- **Instructions to follow**
Every line in the data below has to be repeated exactly; no picture belongs in the result.
++++
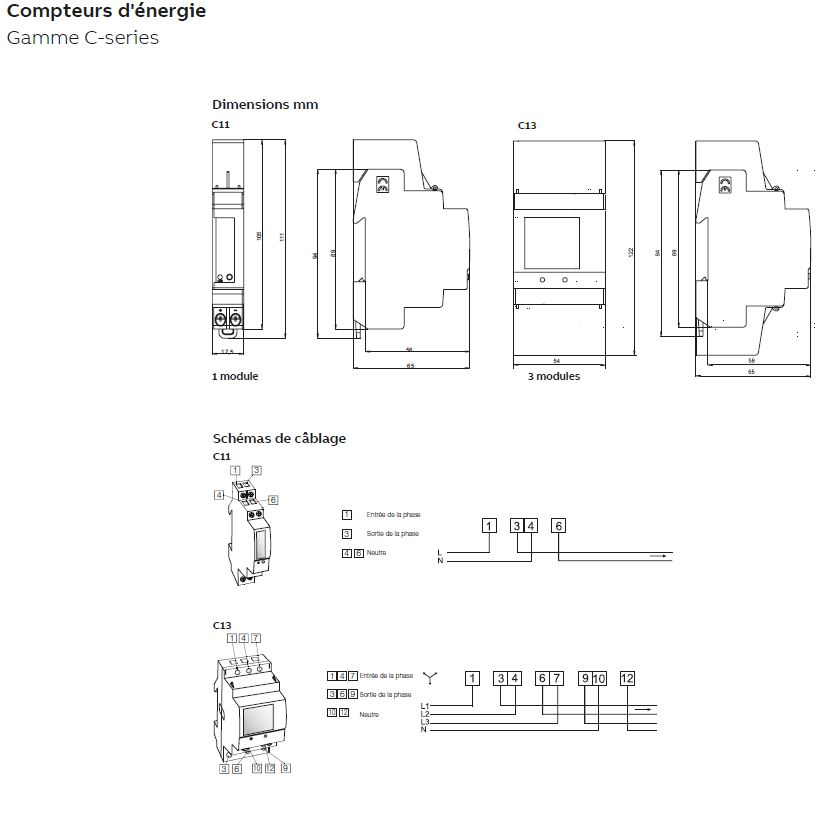 Compteur d'énergie électrique monophasé 40A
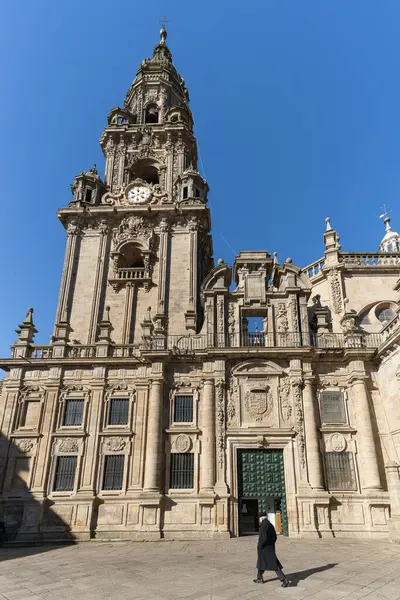 Santiago de Compostela, İspanya, 26 Şubat 2023. Galiçya 'daki Santiago de Compostela katedrali. Yüksek kalite fotoğraf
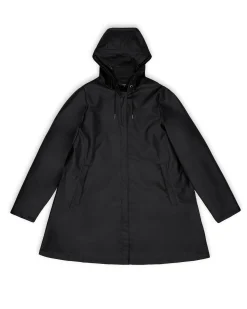 Impermeabile A-line W Jacket nera con cappuccio fisso con visiera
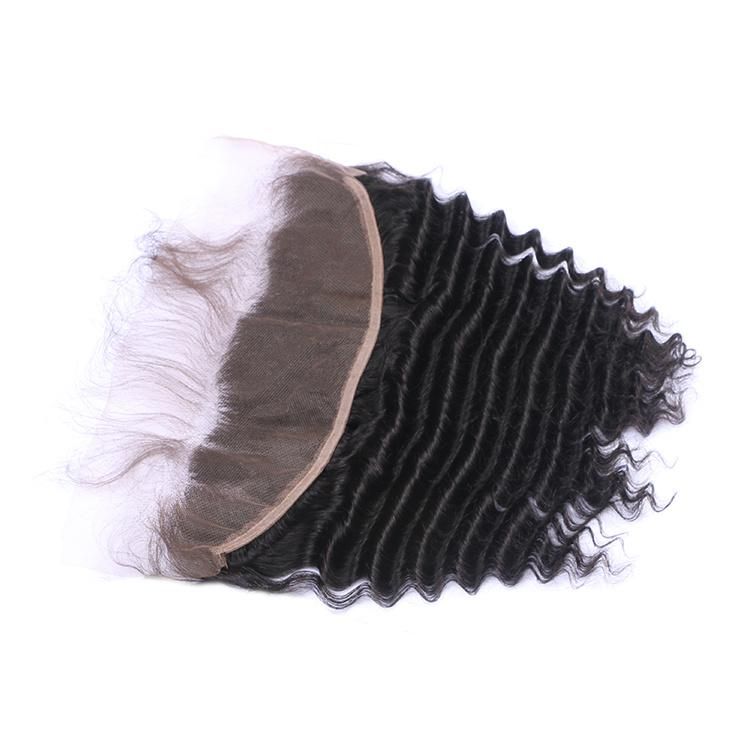 Kbeth 13*4 Lace Frontal Closure Deep Wave Human Hair Femme 8 Inch China Factory Customized Femme Hair Piece Ear to Ear Closures Wholesale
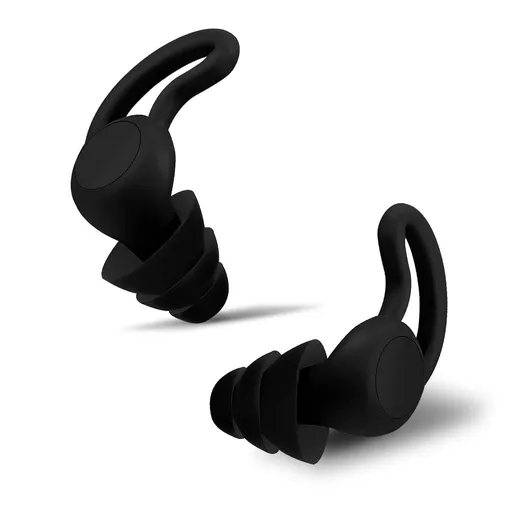 Silicone Reusable Ear Plugs for Sleeping, Snoring Swimming, Studying, Concerts, Noise Cancelling and Hearing Protection Black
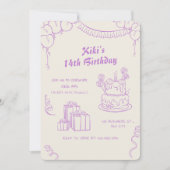 ラベンダーベージュお洒落14誕生祝い 招待状 (正面)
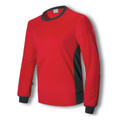 Red long sleeve kids goalkeeper jersey with black side panels and contrast crew neckline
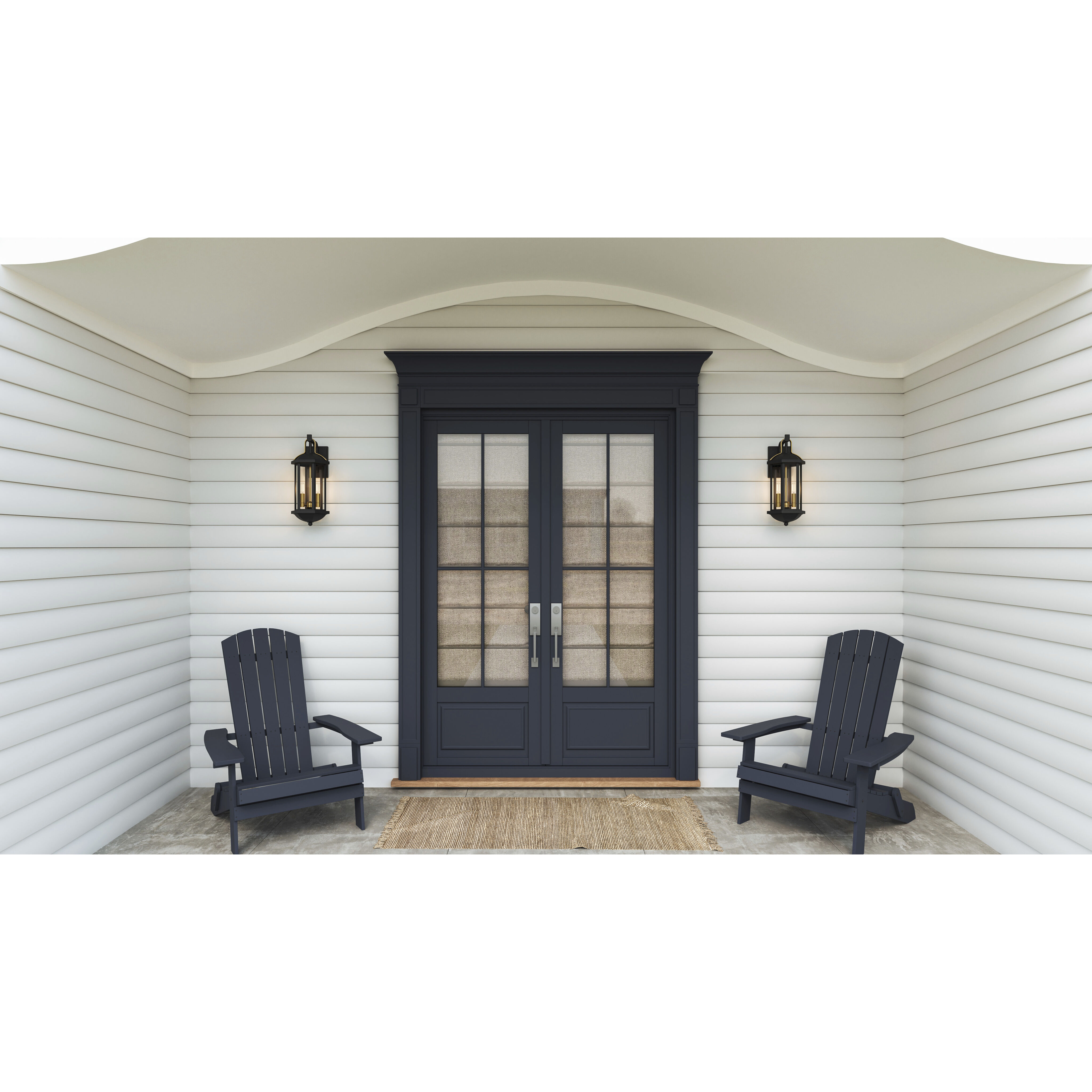 Crestfield 2 Light 19.75 inch Matte Black Outdoor Wall Lantern, Medium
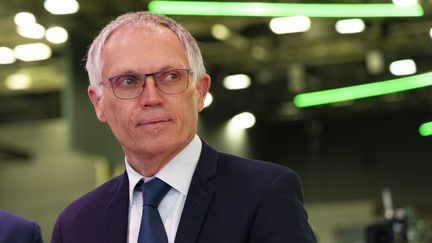 Carlos Tavares, le directeur général de Stellantis, le 14 octobre 2024, au Mondial de l'Auto, à Paris. (SPEICH FREDERIC / MAXPPP)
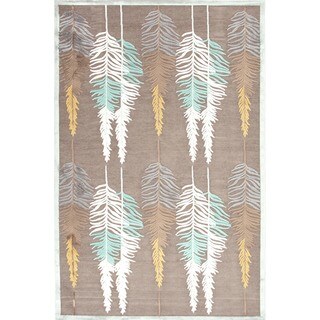 Transitional Beige/ Brown Viscose/ Chenille Rug (5' x 7'6)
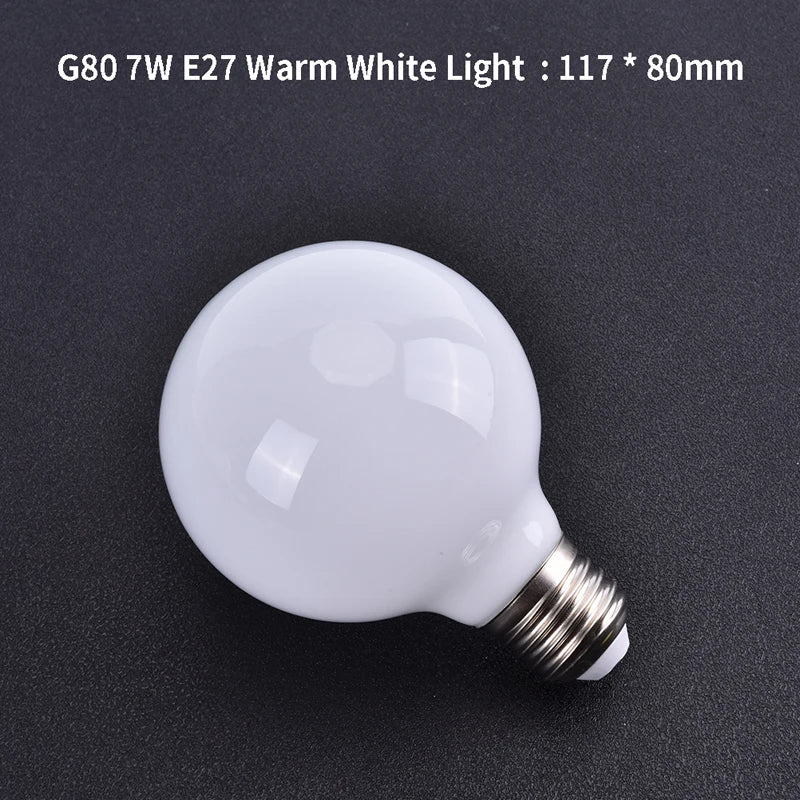 Milky Glass G80 G95 Globe LED Bulb 7W E27 Warm & Cool White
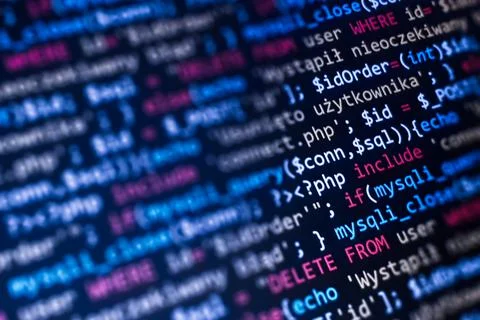 PHP language web programming source code. Abstract code background.  Backend  Stockfoto's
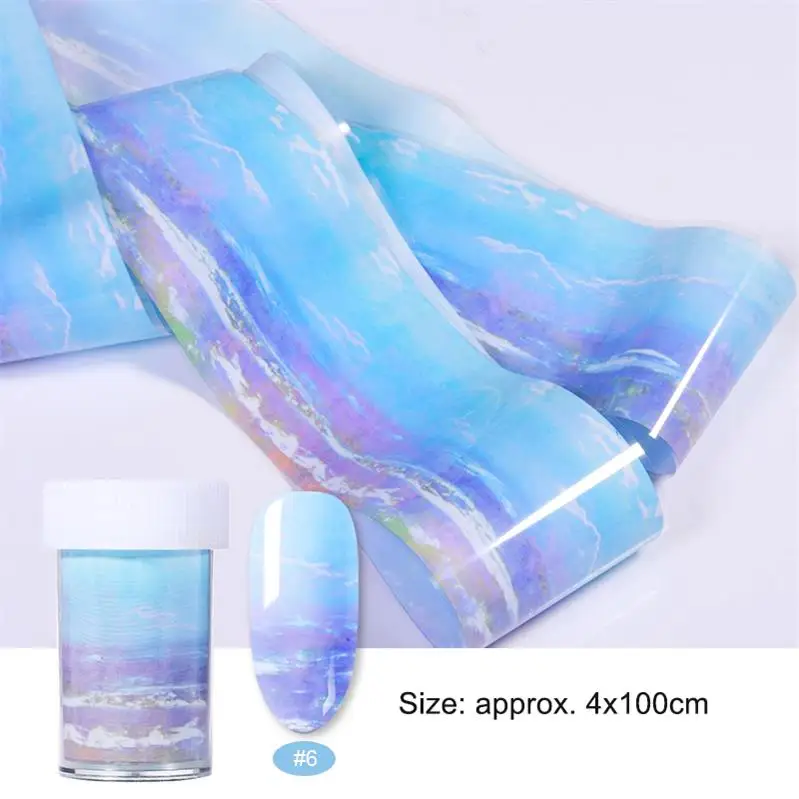 1 Roll-6 4*50 см серия Psychedelic Sky Фольга для ногтей смешанные узоры наклейки для переноса ногтей аксессуары дизайн для украшения ногтей 10 узоров - Цвет: 1 Roll-6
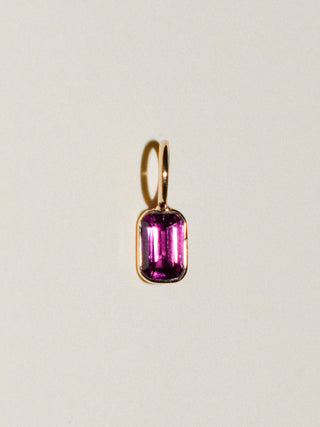 Wine Garnet Baguette Cut Charm in Yellow 14k Gold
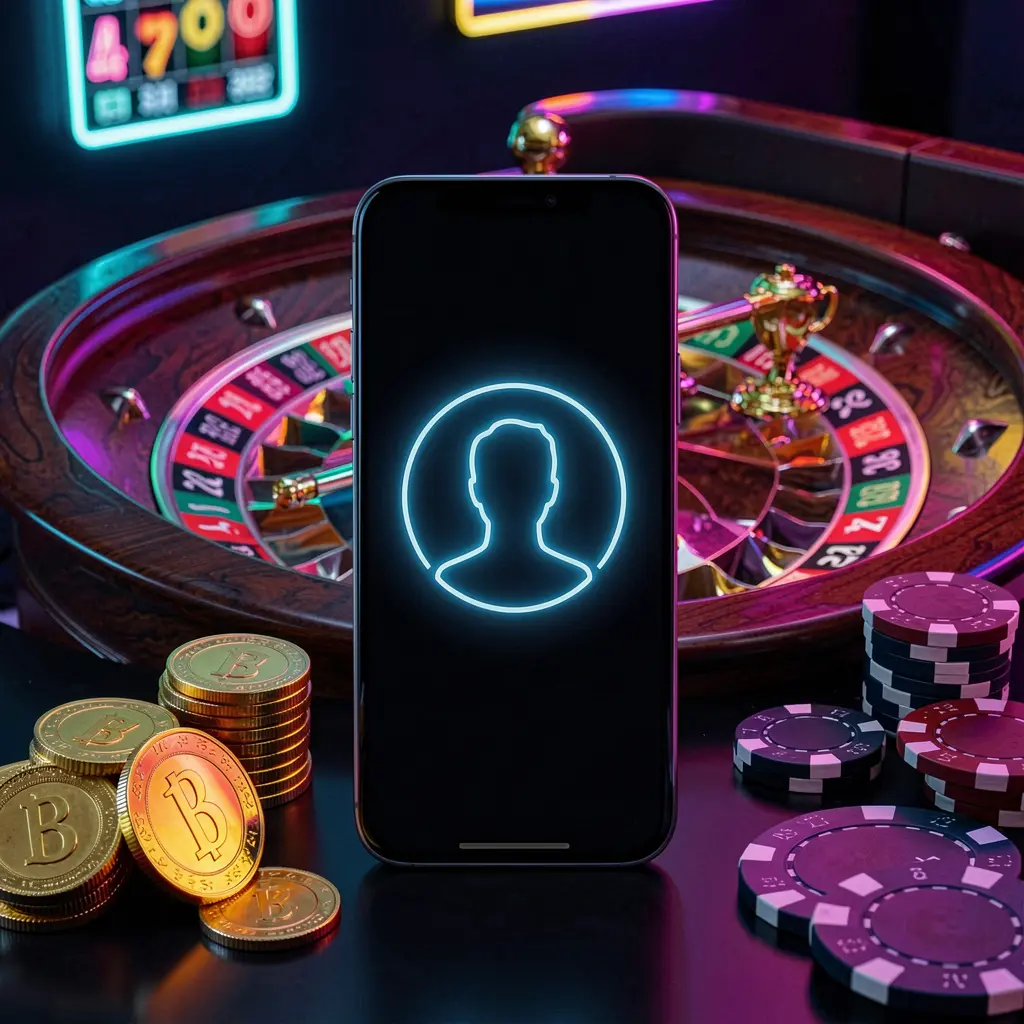 8990K online casino login hero image featuring a modern phone with a glowing profile icon, roulette lights in the background, golden coins and poker chips in a premium dark neon atmosphere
++++
- **Task result**
 Compteur d'énergie électrique monophasé 40A
 Santiago de Compostela, İspanya, 26 Şubat 2023. Galiçya 'daki Santiago de Compostela katedrali. Yüksek kalite fotoğraf
 Impermeabile A-line W Jacket nera con cappuccio fisso con visiera
 Kbeth 13*4 Lace Frontal Closure Deep Wave Human Hair Femme 8 Inch China Factory Customized Femme Hair Piece Ear to Ear Closures Wholesale
 Silicone Reusable Ear Plugs for Sleeping, Snoring Swimming, Studying, Concerts, Noise Cancelling and Hearing Protection Black
 ラベンダーベージュお洒落14誕生祝い 招待状 (正面)
 Red long sleeve kids goalkeeper jersey with black side panels and contrast crew neckline
 Crestfield 2 Light 19.75 inch Matte Black Outdoor Wall Lantern, Medium
 Carlos Tavares, le directeur général de Stellantis, le 14 octobre 2024, au Mondial de l'Auto, à Paris. (SPEICH FREDERIC / MAXPPP)
 Transitional Beige/ Brown Viscose/ Chenille Rug (5' x 7'6)
 Milky Glass G80 G95 Globe LED Bulb 7W E27 Warm & Cool White
 PHP language web programming source code. Abstract code background.  Backend  Stockfoto's
 1 Roll-6 4*50 см серия Psychedelic Sky Фольга для ногтей смешанные узоры наклейки для переноса ногтей аксессуары дизайн для украшения ногтей 10 узоров - Цвет: 1 Roll-6
 Wine Garnet Baguette Cut Charm in Yellow 14k Gold
 8990K online casino login hero image featuring a modern phone with a glowing profile icon, roulette lights in the background, golden coins and poker chips in a premium dark neon atmosphere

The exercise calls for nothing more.